2. Doświadczenie marek jest dla Was kluczowe podczas dokonywanych zakupów?



19 komentarzy:

  1. Great post my blogger friend.
    Have a nice day .
    Dilek...

    OdpowiedzUsuń
  2. ja jakoś nie mogę poczuć tego klimatu świąt :/ a co do kosmetyków to chętnie bym wypróbowała, lubię te na bazie aloesu

    OdpowiedzUsuń
  3. Markę znam jedynie z "widzenia" ;)
    Bardzo zainteresowała mnie ta kuracja przeciw wypadaniu, na pewno kiedyś ją wypróbuję, bo borykam się z wypadaniem włosów.

    OdpowiedzUsuń
  4. Uwielbiam aloes w kosmetykach ;) Idealnie sprawdzają się co do mojej cery ;p

    Pozdrawiam :)
    Moncia Lifestyle

    OdpowiedzUsuń
  5. Bardzo zainteresowały mnie te produkty. Aloes w każdej postaci to coś, co lubi moja skóra i włosy:)

    OdpowiedzUsuń
  6. Ja osobiście nie znam tej marki, nawet nie kojarze, ale wydają się być całkie ciekawe...i warte wypróbowania! :)

    OdpowiedzUsuń
  7. Uwielbiam wszystko co związane z aloesem, od jedzenia po kosmetyki :) Z wielką chęcią przetestowałabym te produkty!

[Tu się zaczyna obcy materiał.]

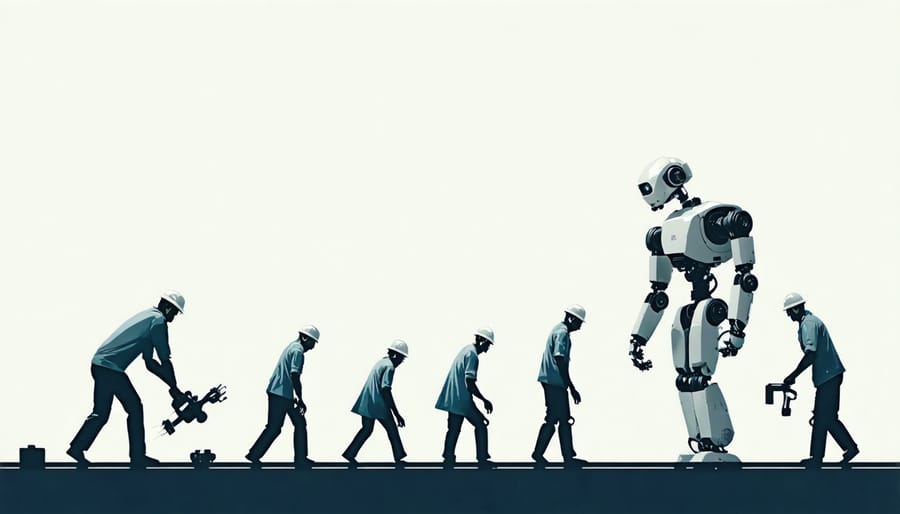 Illustration of workplace automation showing the transition from human workers to AI-powered robots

    https://redamancyy.blogspot.com/

    OdpowiedzUsuń
  8. kurację do włosów wypadających chętnie bym spróbowała :D

    OdpowiedzUsuń
  9. Nie próbowałam jeszcze kosmetyków tej firmy, fajnie, że są takie skuteczne:)
    Szczególnie ten olejek nabłyszczający do włosów mnie zaciekawił:)

    OdpowiedzUsuń
  10. Aloesowe produkty naprawdę bardzo mi się podobają. Jeśli chodzi o kosmetyki to z chęcią przetestowałabym na wypadające włosy. :)

    imdollka.pl

    OdpowiedzUsuń
  11. Uwielbiam produkty aloesowe ♥ o tych jeszcze nie słyszałam.
    Pandora.

    OdpowiedzUsuń
  12. Nie znałam wcześniej tych produktów- jedno wiem - aloes potrafi działać niezwykle zbawiennie na naszą skórę!
    Wesołych i aromatycznych Świąt Bożego Narodzenia!

    OdpowiedzUsuń
  13. Nie spotkałam się wcześniej z ich firmą, ale zaciekawiły mnie ich produkty :D
    Pozdrawiam! wy-stardoll.blogspot.com

    OdpowiedzUsuń
  14. Idealne zestawy ma prezenty pod choinkę. Super post. Pozdrawiam serdecznie 😀

    OdpowiedzUsuń
  15. Bardzo dużo słyszałam o zbawiennych właściwościach aloesu, ale do tej pory jeszcze niestety nie miałam okazji przetestować tego na własnej skórze! Co do wybranych przez Ciebie produktów - mega zainteresowały mnie kosmetyki do włosów, natomiast jeśli chodzi o produkty przeciw celulitowi, to raczej im nie wierzę :)

    Pozdrawiam :*
    www.nataliasiejka.pl (klik)

    OdpowiedzUsuń
  16. Używam aloesu do walki z trądzikiem jest bardzo pomocny jednak nigdy nie używałam produktów tej firmy na pewno wypróbuję

    Wróciłam do pisania wiem że kiedyś czytaś mojego bloga więc Cię zapraszam
    https://spam2506.blogspot.com/2018/12/wielki-powrot.html

    OdpowiedzUsuń
  17. Słyszałam wcześniej o tej marce, ale nie używałam kosmetyków. Myślę, że ta "chłodząca" linia będzie fajna na lato ;). Przeważnie podczas zakupów kieruję się właśnie doświadczeniem z daną marką, ale często kuszę się też na nowości. Pozdrawiam!

    OdpowiedzUsuń

Każdy komentarz mobilizuje mnie do dalszego działania!